(director: Anthony Mann; screenwriters: story by Edna Ferber/Arnold Schulman; cinematographer: Robert Surtees; editor: John D. Dunning; music: Franz Waxman; cast: Glenn Ford (Yancey ‘Cimarron’ Cravat ), Maria Schell (Sabra Cravat), Anne Baxter (Dixie Lee), Arthur O’Connell (Tom Wyatt), Russ Tamblyn (The Cherokee Kid), Mercedes McCambridge (Mrs. Sarah Wyatt); Runtime: 147; MPAA Rating: NR; producer: Edmund Grainger; MGM; 1960)
“Tedious remake of the 1931 Wesley Ruggles version of Edna Ferber’s classic.”
Reviewed by Dennis Schwartz
Tedious remake of the 1931 Wesley Ruggles version of Edna Ferber’s classic; it’s scripted by Arnold Schulman. It starts with the Oklahoma Land Rush on April 22, 1889, musing how amazing that in one afternoon a state will be created by settlers claiming stakes on former Indian land known as the Cherokee Strip. The film’s star Glenn Ford, as hot-headed cowboy Yancey Cravet, lays on the kitchen table of his immigrant wife Sabra’s (Maria Schell) wealthy parents’ eastern home, utensils and bakery goods to form a map to describe to the servants how the land grab will look.

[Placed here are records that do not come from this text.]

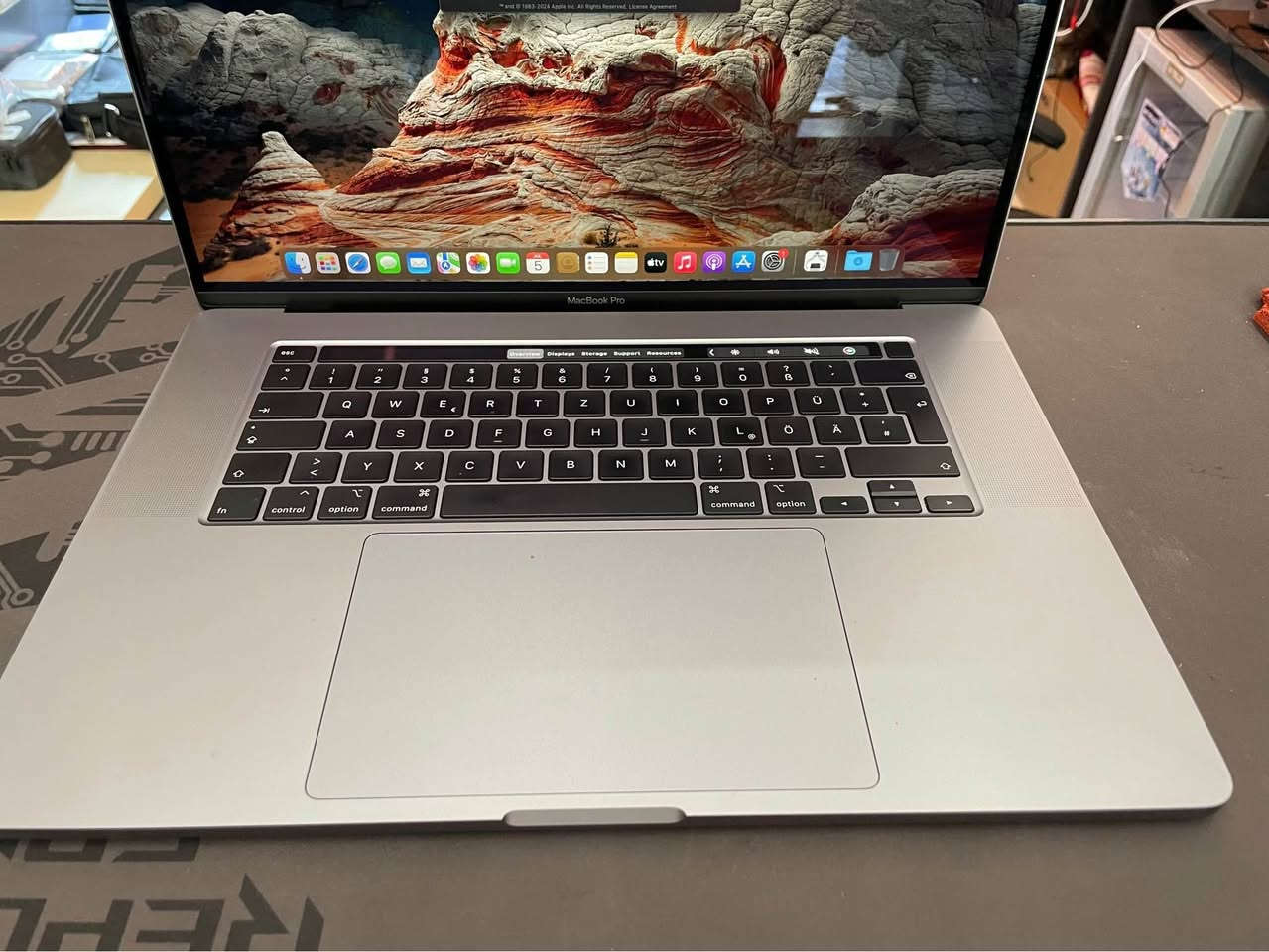 MacBook 💻 Pro 16-inch,2019

بۆ فرۆشتن زۆر پاکە

تەنها iCloud لەسەر بوە لابراوە 

Processor 
2.6 GHz 6-core Intel i7

Memory 
16 GB 2667 MHz DDR4

Graphics 
Intel UHD Graphics 630 1536 MB

Storage 
500 GB 

Time Cycle 
107 Count 

***********
*********** أربيل, العراق
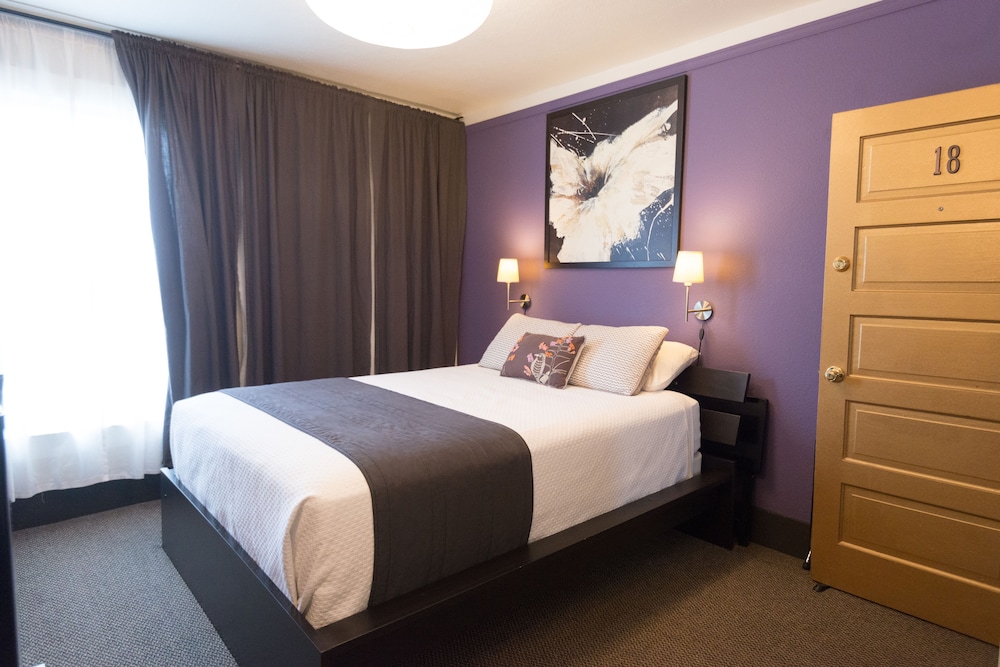Chinook Point, Shared Bathroom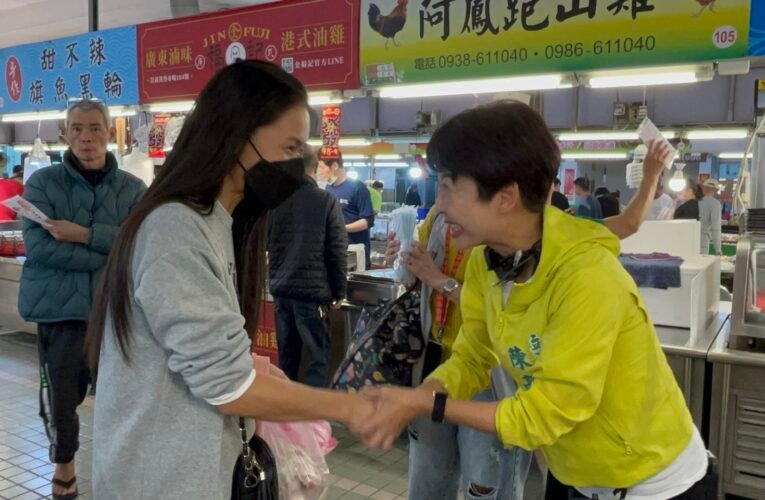 立委陳亭妃週末「行動力爆發」兩天掃遍六大市場：回到成長的地方、走進最真實的台南人心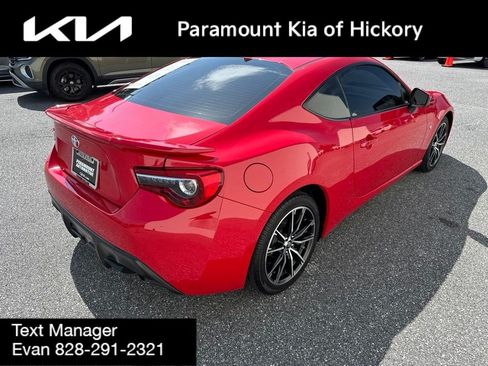 Used 2017 Toyota 86 RWD image 6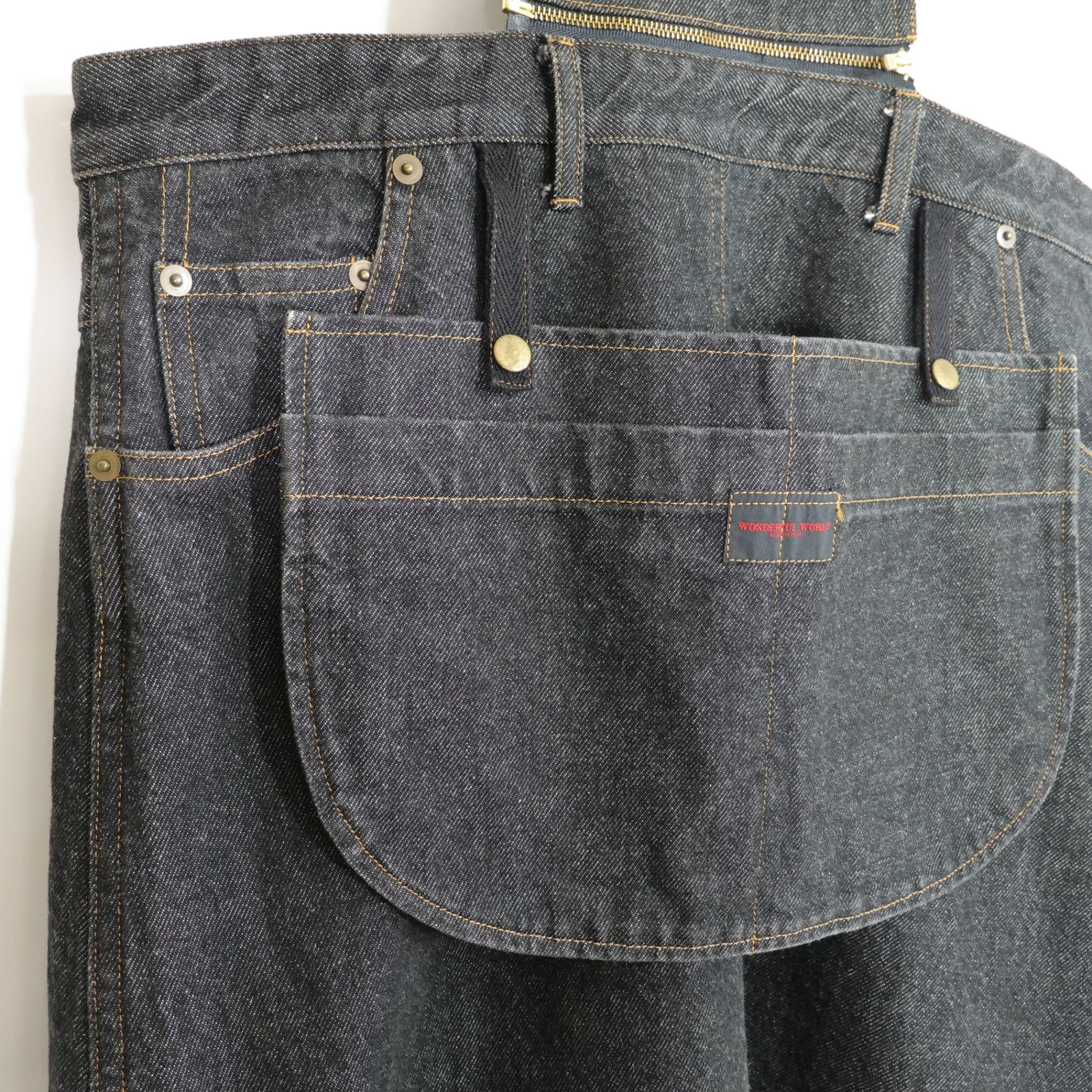 【レア美品】ワンダフルワールド カネコイサオ★サロペット風にも♪デニムスカート 黒系 無地 厚手 z21176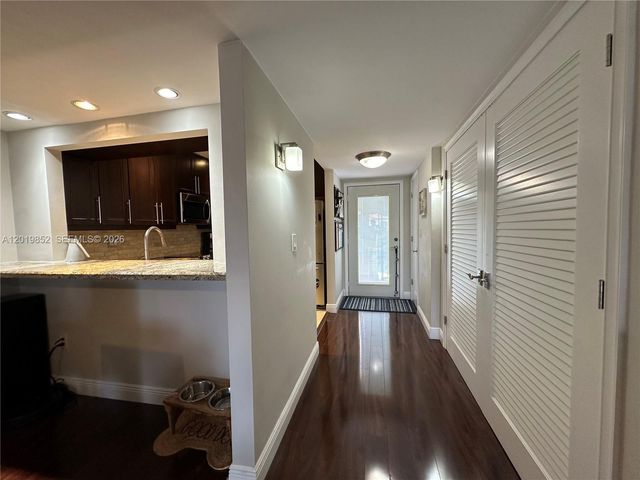 6901 Edgewater Dr 317, Coral Gables, FL 33133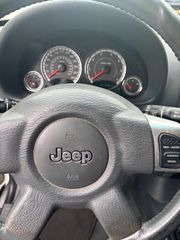 Jeep Cherokee 2005 3.7 LIMITED EDITION AUTO-thumb-7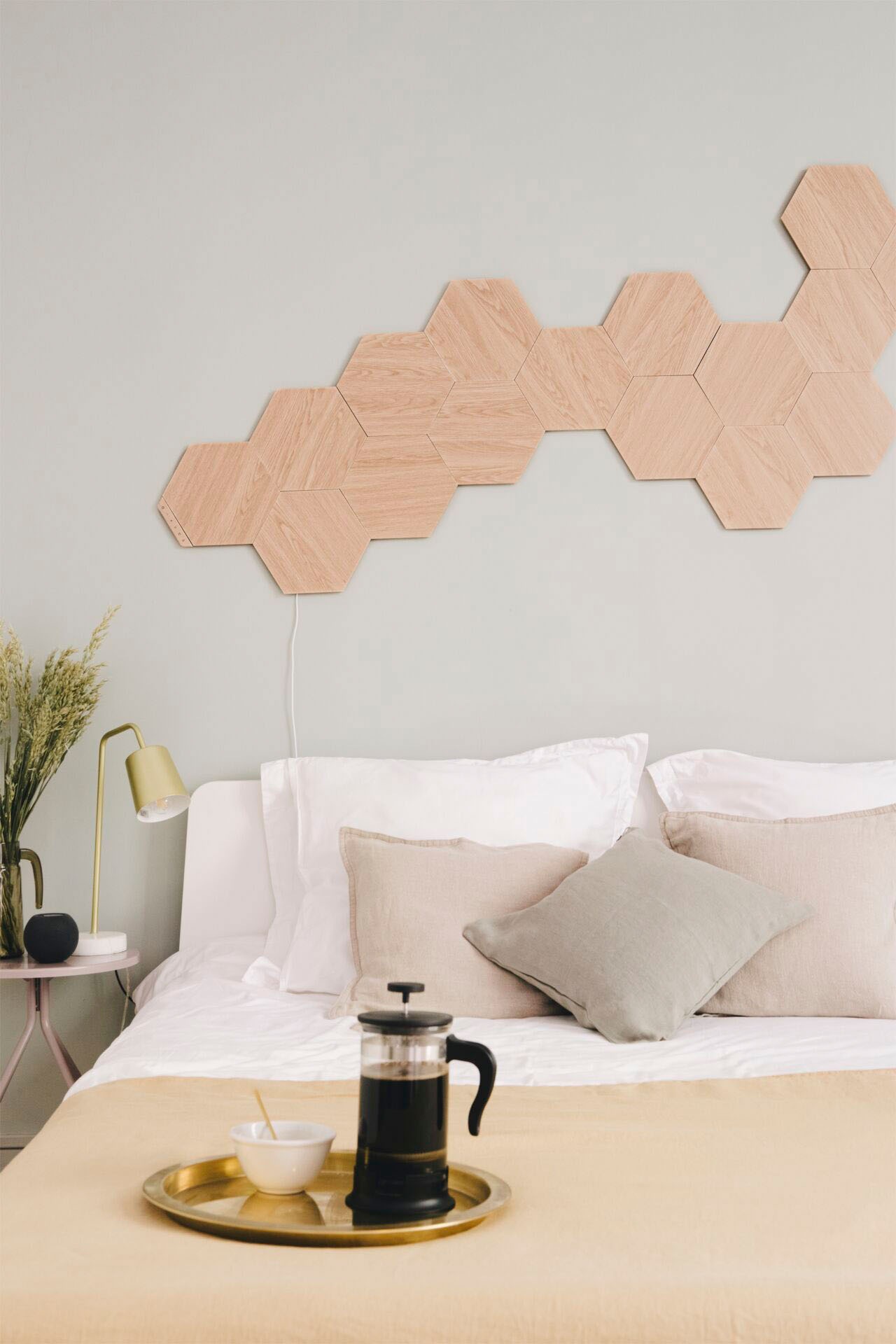 nanoleaf Dekolicht »Elements Wood Look«, Smarte Technologie und elegante Beleuchtung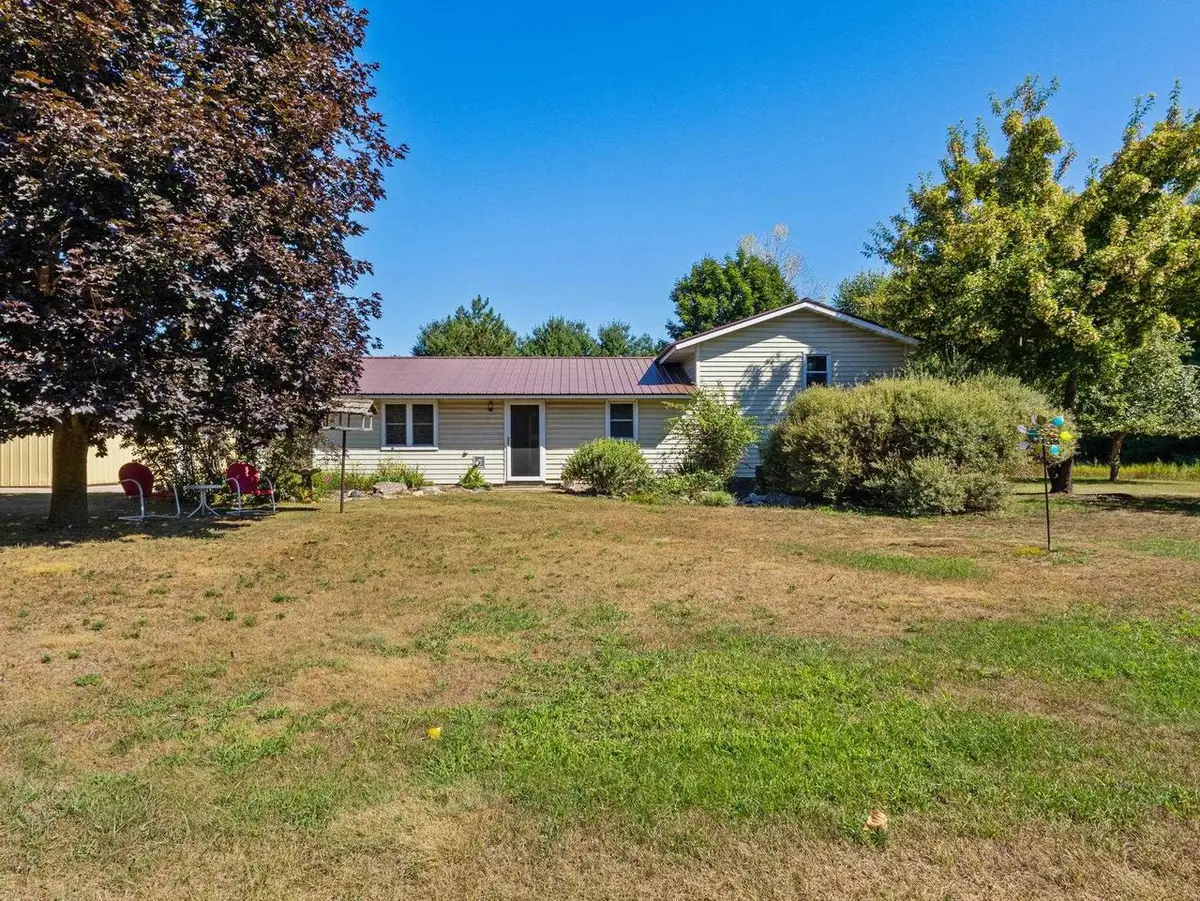 N3159 SEWARD HEIGHTS ROAD, Peshtigo, WI 54157 - #1
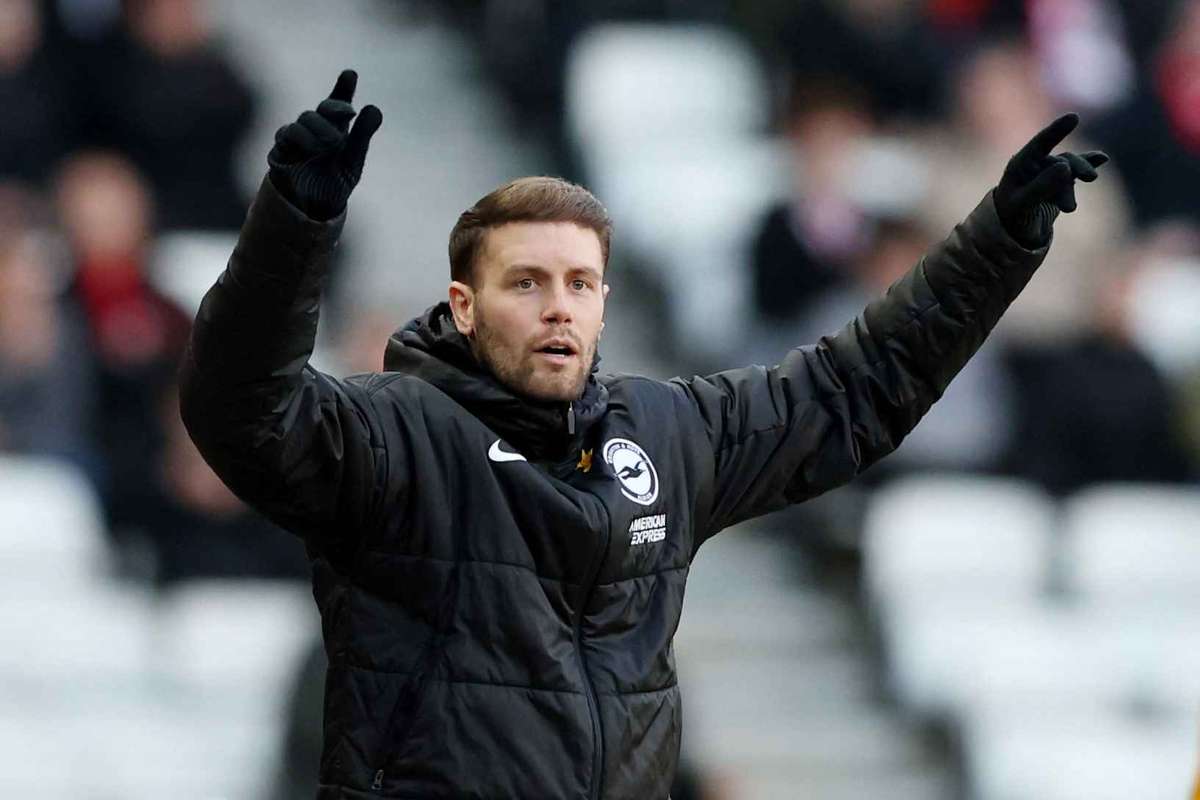 HLV Brighton Hurzeler phản hồi về tin đồn Bayer Leverkusen khi điều khoản giải phóng được tiết lộ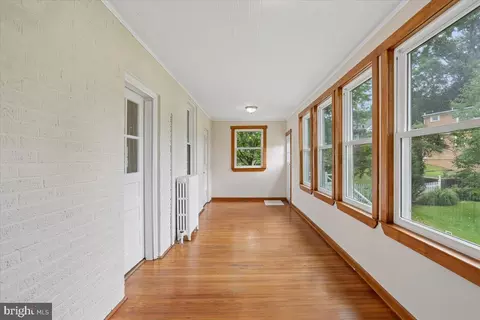 Exterior - 9501 Colesville Rd, Silver Spring, MD 20901 photo 6 of 16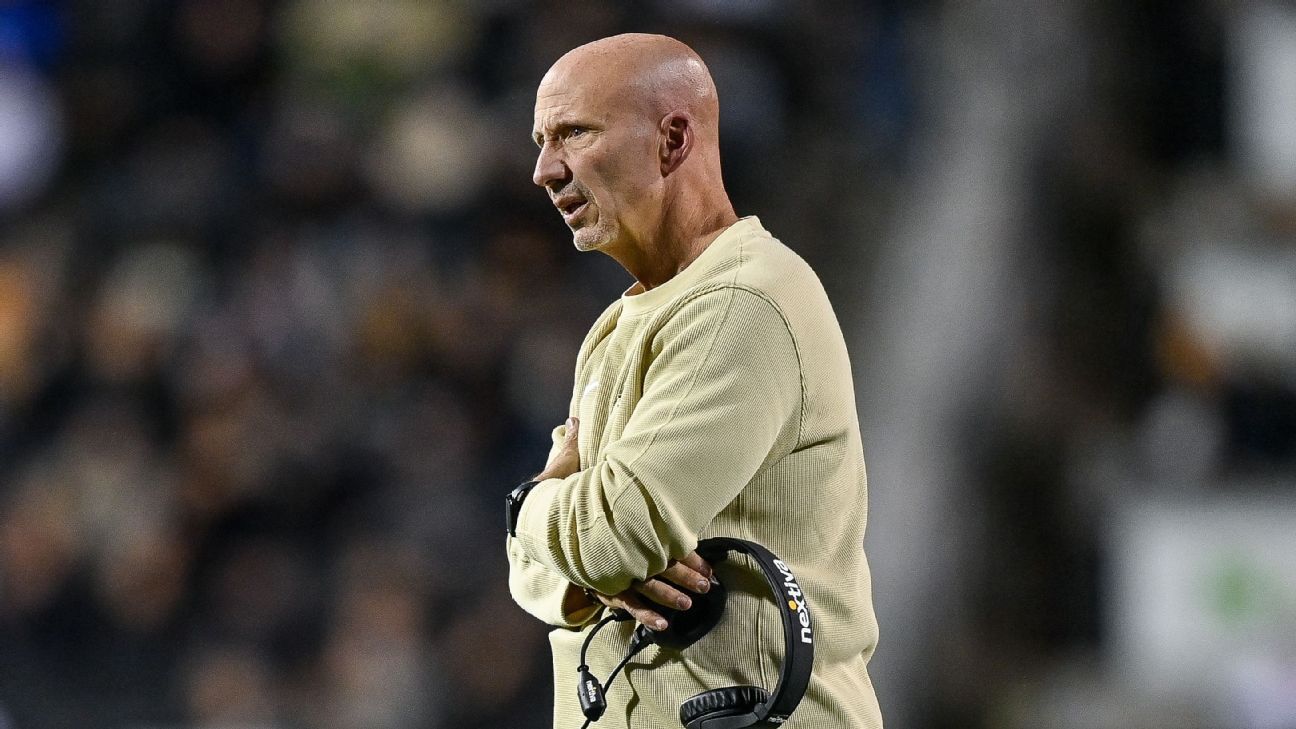 "Charles Kelly Set to Depart Colorado for Auburn, Shaking Up Deion Sanders' Coaching Staff"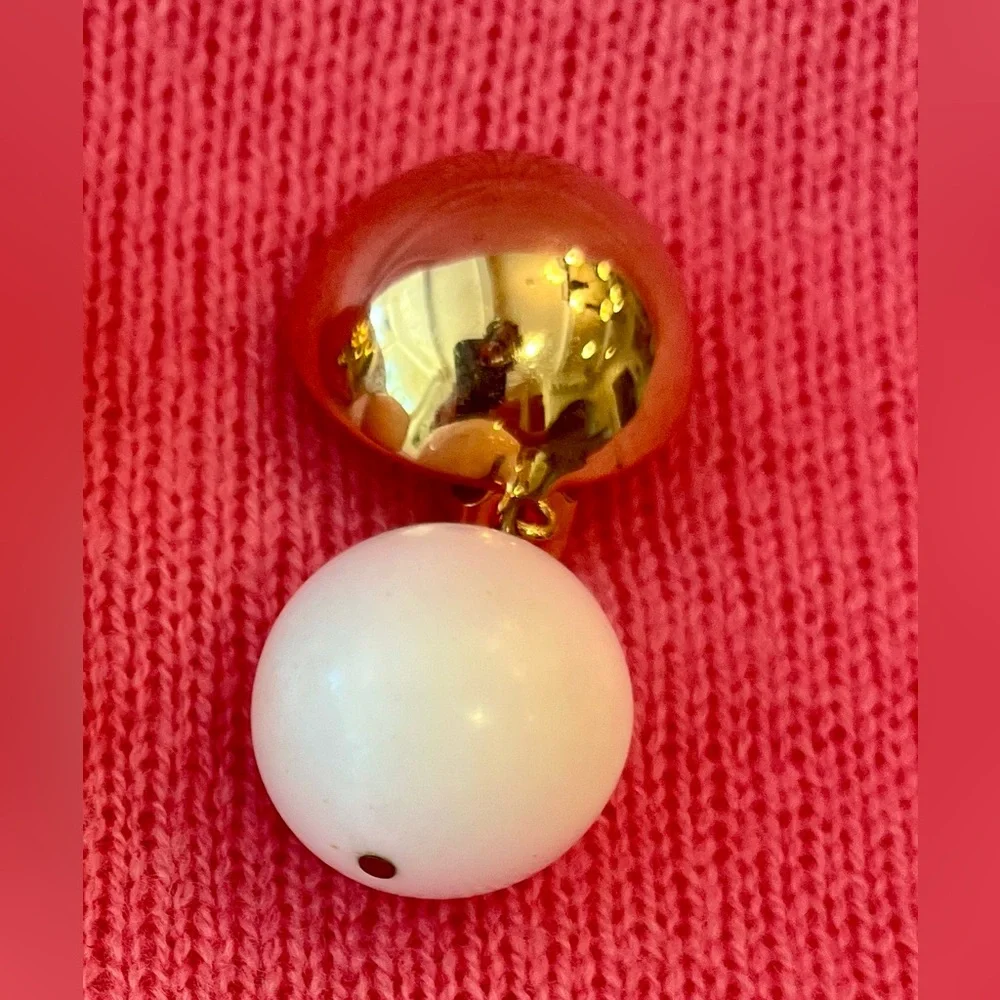 Vintage Gold and White Statement Earrings - Picture 3 of 16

Director Anthony Mann (“The Naked Spur”/”Winchester 73”) was sabotaged by the studio who unmercifully cut his film, shot it in the studio instead of on location as he wanted and even hired Reggie Callow to direct new scenes to try and clarify the ambiguous relationship between Ford and Schell. The film reduces the pioneering experience all down to the Ford character’s wanderlust and distorts Ferber’s classic novel by laying on it an unnecessary psychological theme. For fans of the director, this film can be viewed as the transition between Mann’s classic Westerns of the 1950s and his epics in the 1960s such as El Cid.
Yancey and Sabra stake out a homestead and Yancey starts a frontier newspaper (Oklahoma Wigwam), which he soon proves he has no head for the business but she does. After this fast start, the film goes into a slow simmer for the next two-and-one-half-hours as it tells a dullish sentimental melodrama of the taming of the frontier. Under Sabra’s control of the newspaper, it grows into a huge business venture and important influence in the state. The more adventurous and idealistic Yancey, goes in a different direction from his wife, as he cashes in on his popularity as a gunfighter to become a recognizable popular figure. Conflicted over stealing further land from the Indians, Yancey spurns the offer to run for governor by oil magnate (Arthur O’Connell) because he would be obliged to approve of legislation that would steal more land from them. His wife it turns out is bias against the Indians, and dumps him when he turns down the chance to be governor. There are a series of killings, childbirths and a holdup, which add little but pad the story. About a decade later with Oklahoma now booming, the film concludes without uncovering anything important to say about settling Oklahoma or its soap opera characters.
The title song “Cimarron” is sung by The Roger Wagner Chorale.